We own the wrapper and only we can sell it, but the IBM people can co-market it.

So we have regular, monthly, high-level business strategy talks with IBM. Carol [Kovac] and I and the top business people have identified numerous joint customers where we think and where we know we can do joint business. But I believe it will materialize at that moment when this wrapper is available, because at that moment their sales and marketing force will really start selling.

IBM has a professional services team, we have a professional services team. This sounds like competition. It’s not. Because their professional services team is about building big compute farms, it’s about storage networks, integrating sites, laptops, whatever kinds of things. Our professional services team is a scientific IT team that’s really going to integrate functionality, like proteomics with assays. But those teams are in a partly consulting and implementation mode. Our professional services team can’t do what they can do, and theirs cannot do what we can do. This is a real value to the client, because now you get two teams that complement each other that really can understand your needs and can really come with offerings and solutions to serve your needs. I think this is the real value of this IBM/Lion offering, but again, this all only gets unleashed when this wrapper is out.

You’ve got a smaller board and a smaller management team these days. This must increase the pressure on your own shoulders. How are you managing?

I think there’s not more burden on the shoulders. On the contrary, I think what has happened in the executive management team and what we call the supervisory board, which is the outside and inside directors, is a clear pathway to more professionalism. Lion started off as really young, excited scientists and support. And now if you look at the executive team, the three executive board members each has more than 10 years’ industry experience. It almost has some old economy flavor. Our chairman used to be a lawyer, which was very important in the beginning. Now it’s a former pharmacy exec. We have fewer people, but I think these people have much more experience.
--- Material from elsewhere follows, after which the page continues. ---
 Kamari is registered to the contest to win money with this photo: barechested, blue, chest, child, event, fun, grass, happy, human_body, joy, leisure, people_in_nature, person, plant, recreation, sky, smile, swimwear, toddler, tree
Last question: Who’s going to buy Lion?

Well, let’s put it this way: Surely a consolidation time in an industry is always an M&A time. I say this really emotionlessly now — it’s not what I hope or believe, but I speak as a CEO with fiduciary obligation to the shareholders. Although we have acquired two companies in the past, Trega and NetGenics, Lion is surely cheapened these days, as many companies are. Since we did our homework, and in particular since we refocused and gained a sharper profile and momentum in the market and launched our new product and professionalized our board, we got more dangerous. It’s a very clear, good offering. But still, being cheap, this is surely a weak situation in terms of protecting against offerings to buy the company.
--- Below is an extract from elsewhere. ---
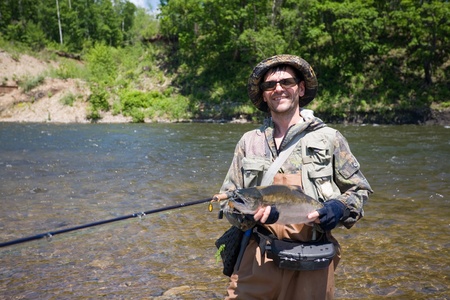 Joyful fisherman keeps caught masu salmon (or cherry salmon). Russia. Primorskiy  kray.の写真素材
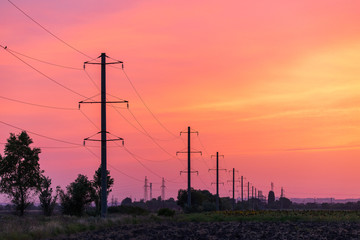 Rural landscape with high-voltage line on sunset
There is no offering on the table today, I can tell you. But of course we also thought about, ‘What happens if an offer comes? Where could it come from?’ Not that you say hopefully it comes, but we think about these things.

We didn’t found the company to sell it. Some people do but we did not. But we’re not religious on that. Also with the fiduciary obligation, if the offer comes and it’s at a high premium, in these days as a board member you cannot just neglect it. You have the obligation to deal with it.
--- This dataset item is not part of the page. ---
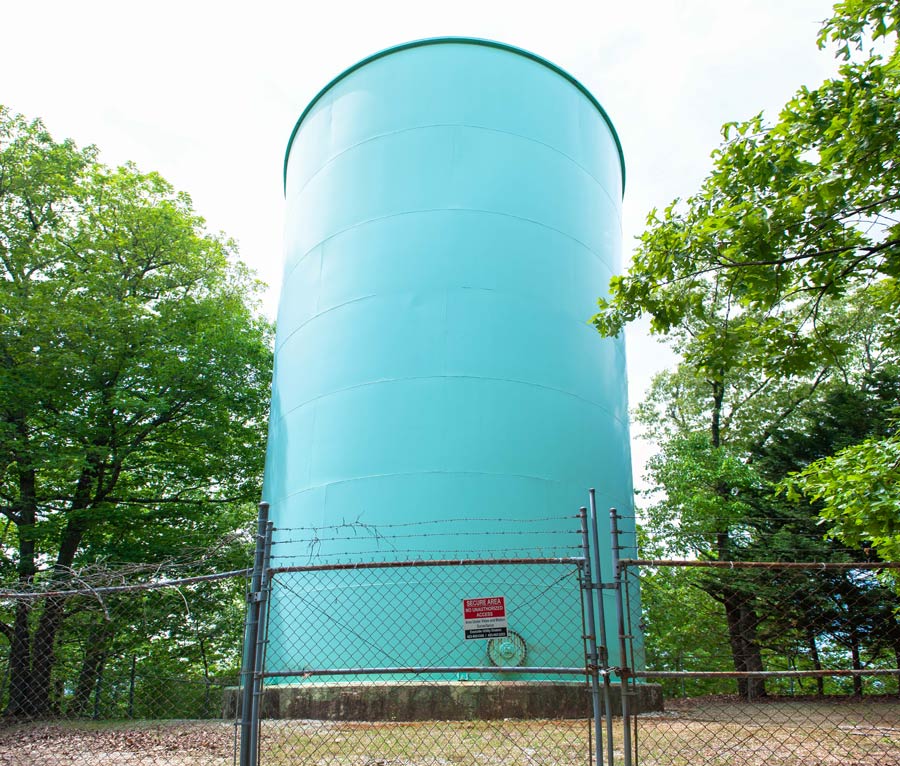 Large blue green water storage tank surrounded by trees and secured by a chain link fence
To be honest, I’m not looking for that, so I don’t say that I think we’re cheap. But yes, we have to think about it. And I think [there are] three environments [we could fit into]. Equipment providers that see information as an important part of their future business, publishers where information is an important part of the business but not that type that we’re dealing with, or horizontal process builders who do not have that domain expertise. These are the three areas that, if something happens, I would expect [an offer to come from] first.

We’re not shopping the company. We have deep pockets. We are active, not reactive. We are dangerous, not harmless. We have a great vision and a great team and I’m really motivated to run the company as it is. Again, not saying that things couldn’t change, but we can stand on our own.